Cinéphile depuis sa tendre enfance, Gilles Galabert a consacré sa vie au 7e art au sein du ciné-club Les Hallucinés. À la tête de cette association au moment de la création des Emmuscades, il raconte son enthousiasme pour une expérience de cinéma qui se partage, des séances débats dans l’ancien CinéMistral aux projections à la belle étoile dans les vignobles de Frontignan la Peyrade.
Chez Gilles Galabert, la passion du cinéma ressemble un peu à sa madeleine de Proust. C’est un enfant du pays né il y a 74 ans à Frontignan la Peyrade, au premier étage d’une bâtisse donnant sur la place Jean-Jaurès, et dont l’arrière-grand-mère tenait depuis 1905 un bar au 16, boulevard de la République, après avoir dirigé le relais des calèches et chevaux à l’entrée de Sète. Bistrot familial ouvert tous les jours de la semaine, la tante du jeune Gilles est chargée, chaque dimanche, de l’emmener au cinéma Escot à quelques pas. C’est l’une des trois salles obscures que compte la ville en ce temps-là, avec le Cinéma Familial dans l’ancienne chapelle des Pénitents blancs où se trouve l’actuel musée municipal et les Variétés à l’emplacement du Carrefour City, rue Anatole-France. Pour sa première séance à l’âge de 6 ans, il est bouleversé par La Strada, film culte de Fellini, qui marquera au fer rouge son amour du 7e art. Plus tard, se rendant à Montpellier à l’école hôtelière, il guette tous les mercredis sur le quai de la gare Denis Escot, le projectionniste, pour lui demander quel sera le prochain film à l’affiche.
Gilles Galabert s’est également essayé au théâtre avec la Compagnie théâtrale de la Gardiole de 1989 à 2002. Un passage dans les coulisses du jeu d’acteur pour faire vivre les émotions au public comme il a eu le plaisir de les recevoir face à l’écran. Le projet le plus insolite qu’il ait mené aux côtés de cette troupe est une pièce de théâtre nommée En pleine mer, jouée sur un radeau grandeur nature à la piscine.
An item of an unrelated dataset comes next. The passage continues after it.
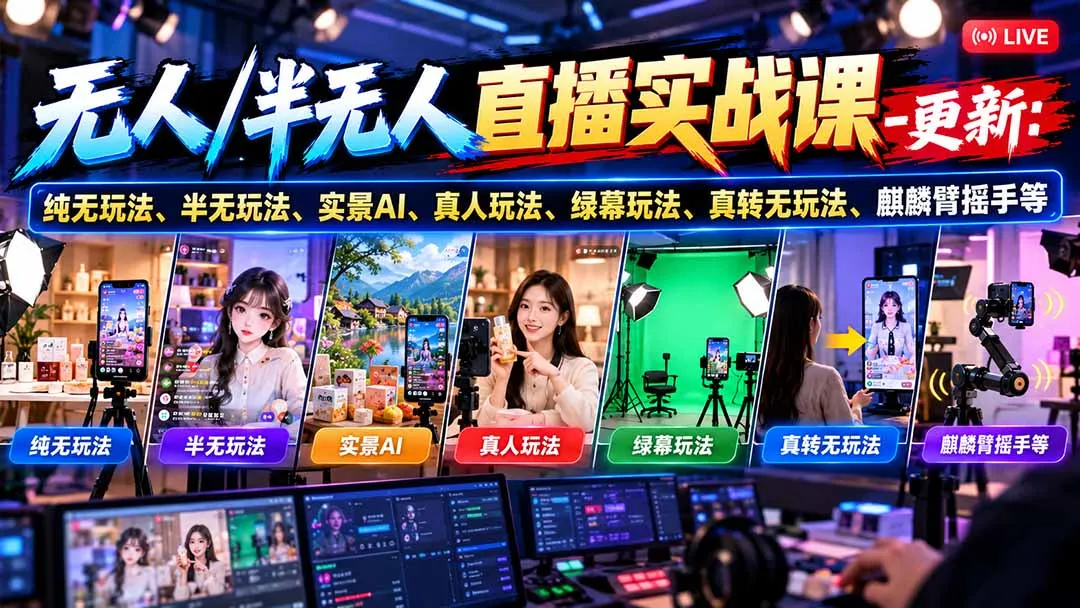 无人/半无人直播实战课-10月20更新：纯无玩法、半无玩法、实景AI、真人玩法、绿幕玩法、真转无玩法、麒麟臂摇手等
Aux origines des Emmuscades
S’il reprend avec son beau-frère le bar familial de 1983 à 2008 transmis en amont à son grand-père puis à ses parents, il ne cesse de nourrir son appétence pour le cinéma en devenant membre assidu du cinéclub Les Hallu’cinés créé en 1999. Patrick Bedos, programmateur de métier et pour l’association, sélectionne et présente le film à chaque séance au CinéMistral inauguré un an auparavant, puis un débat s’ensuit entre les spectateurs. En 2007, Gilles Galabert prend la présidence des Hallu’cinés et participe au lancement des Emmuscades : « Dès l’origine, on voulait faire du cinéma autrement, en mêlant du local, des dégustations de muscat et de moules. » L’année de lancement, seul un mas viticole répond à l’appel et accueille l’événement pour deux séances sur l’été. Le succès est au rendez-vous et le Domaine de la Plaine fait des émules grâce au bouche-à-oreille.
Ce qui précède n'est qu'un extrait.